Effective January 1, 2019, Senate Bill 1437 changed the
law of murder in significant ways. Section 188, which defines
express and implied malice, was amended to provide, “Except as
stated in subdivision (e) of Section 189 in order to be convicted of
murder, a principal in a crime shall act with malice aforethought.
Malice shall not be imputed to a person based solely on his or her
3
participation in a crime.” (§ 188, subd. (a)(3).) Subdivision (e)
was added to section 189, which defines the scope of first degree
felony murder, and provides, “[a] participant in the perpetration
or attempted perpetration of a felony listed in subdivision (a) in
which a death occurs is liable for murder only if one of the
following is proven: [¶] (1) The person was the actual killer[;]
[¶] (2) The person was not the actual killer, but, with the intent
to kill, aided, abetted, counseled, commanded, induced, solicited,
requested, or assisted the actual killer in the commission of
murder in the first degree[;] [¶] [or] (3) The person was a major
participant in the underlying felony and acted with reckless
indifference to human life, as described in subdivision (d) of
section 190.2.” (§ 189, subd. (e).)
The effect of these changes are still being dissected by the
courts of this state, but are generally agreed to (1) abolish the
natural and probable consequences doctrine with respect to
murder, so that an aider and abettor cannot be convicted of
murder under that theory (People v. Gentile (2020) 10 Cal.5th
830, 847 (Gentile) [aider and abettor cannot be convicted of
second degree murder based on natural and probable
consequences doctrine]); and (2) limit the first degree felony-
murder rule so that it is limited to the actual killer, to an aider
and abettor who acts with an intent to kill, or to an aider and
abettor who is a major participant in the underlying felony and
acts with a reckless indifference to life. (Johns, supra, 50
Cal.App.5th at p. 59.) The amendments to section 188 also call
into question the continuing validity of the second degree felony
4
murder rule. (In re White (2019) 34 Cal.App.5th 933, 937, fn. 2.)

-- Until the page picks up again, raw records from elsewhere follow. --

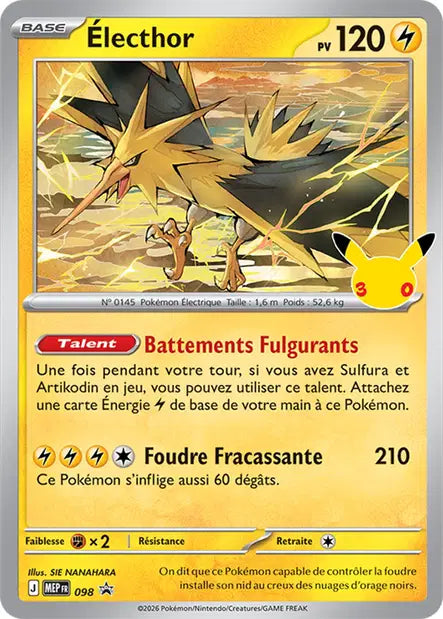 Électhor MEP098, carte Cartes Promo Méga-Évolution (MEP), en vente à Manga Cash à Ans, province de Liège.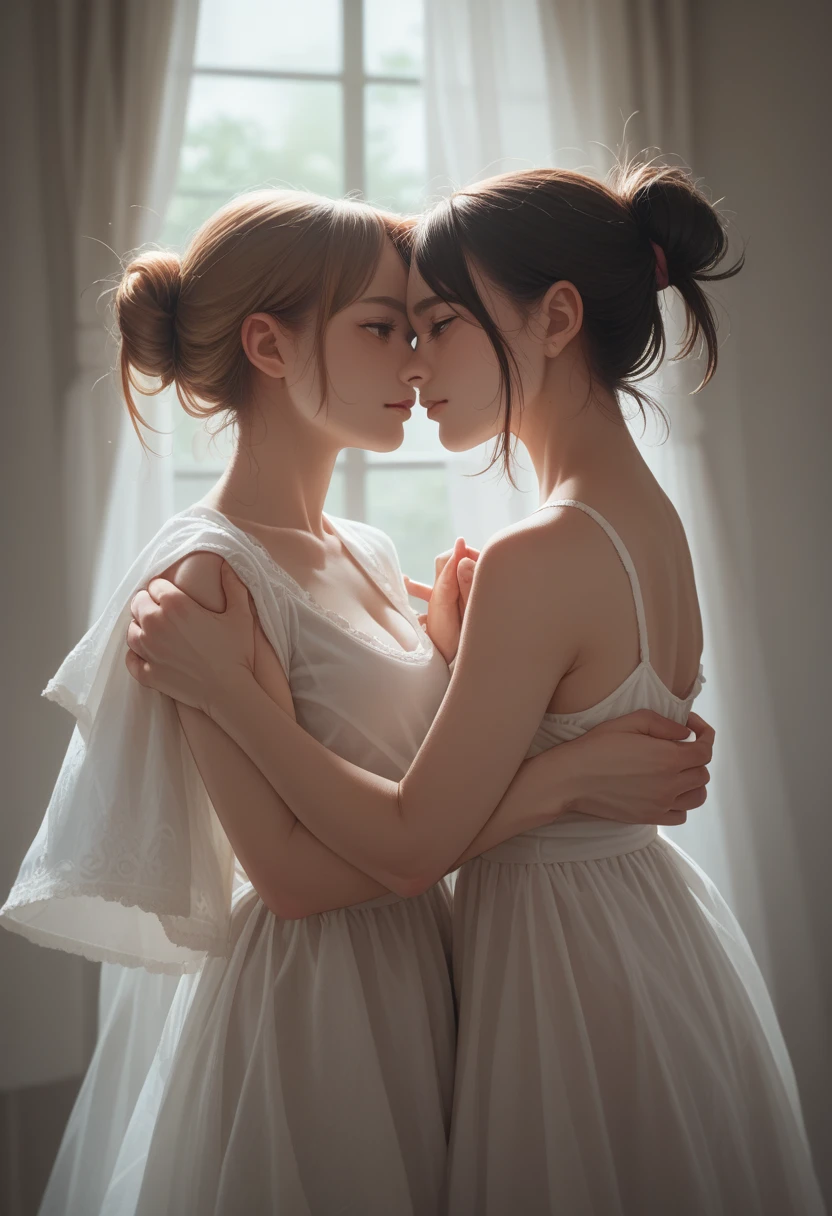 Two girls touching each other's genitals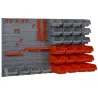 Estantería de Pared para Herramientas de 44 Piezas 95x54 cm con 28 Cajas Apilables y Diferentes Ganchos Gris y Rojo - Ogal.Es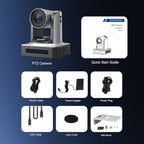 NDI PTZ Camera (Native NDI 6 Certified), AI Auto Tracking 1080P60 PoE, 20X Optical Zoom, 3G-SDI HDMI USB3.0 LAN, Live Streaming for Church Meeting Education Sport Hospital Wedding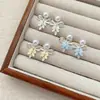 Pendientes de Cristal y Perla con Lazo y Hoja Frescos, Clavos Elegantes y Sencillos, Pendientes Únicos y de Moda, Colgantes Pequeños Distintivos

However, a defendant may still be liable for murder as a “direct”
aider and abettor because a direct aider and abettor must possess
malice aforethought. (Gentile, supra, 10 Cal.5th at p. 848; see
People v. McCoy (2001) 25 Cal.4th 1111, 1118 (McCoy) [outside of
natural and probable consequences doctrine, aider and abettor
must share murderous intent of perpetrator]; People v. Nguyen
(2020) 53 Cal.App.5th 1154, 1164.)
Senate Bill 1437 also added section 1170.95, which creates
a procedure for offenders previously convicted of felony murder or
murder under the natural and probable consequences doctrine to
obtain the benefits of these changes retrospectively. Such
offenders may petition the sentencing court to vacate the
conviction and be resentenced on any remaining counts if he or
she could not have been convicted of murder because of Senate
Bill 1437’s changes to the definition of the crime. (See Gentile,
supra, 10 Cal.5th at pp. 858–859.)
Section 1170.95, subdivision (a) provides that the petition
must allege: (1) a complaint, information, or indictment was filed
against the petitioner that allowed the prosecution to proceed
under a theory of felony murder or murder under the natural and
probable consequences doctrine, (2) the petitioner was convicted
of first or second degree murder following a trial or guilty plea,
and (3) the petitioner could not be convicted of first or second
degree murder because of changes in sections 188 and 189 made
effective January 1, 2019. The petition must also include, in
pertinent part, a declaration stating the petitioner “is eligible for
5
relief under this section” based on all the requirements in
subdivision (a) of section 1170.95, and whether the petitioner
requests the appointment of counsel. (Id., subd. (b)(1)(A) & (C).)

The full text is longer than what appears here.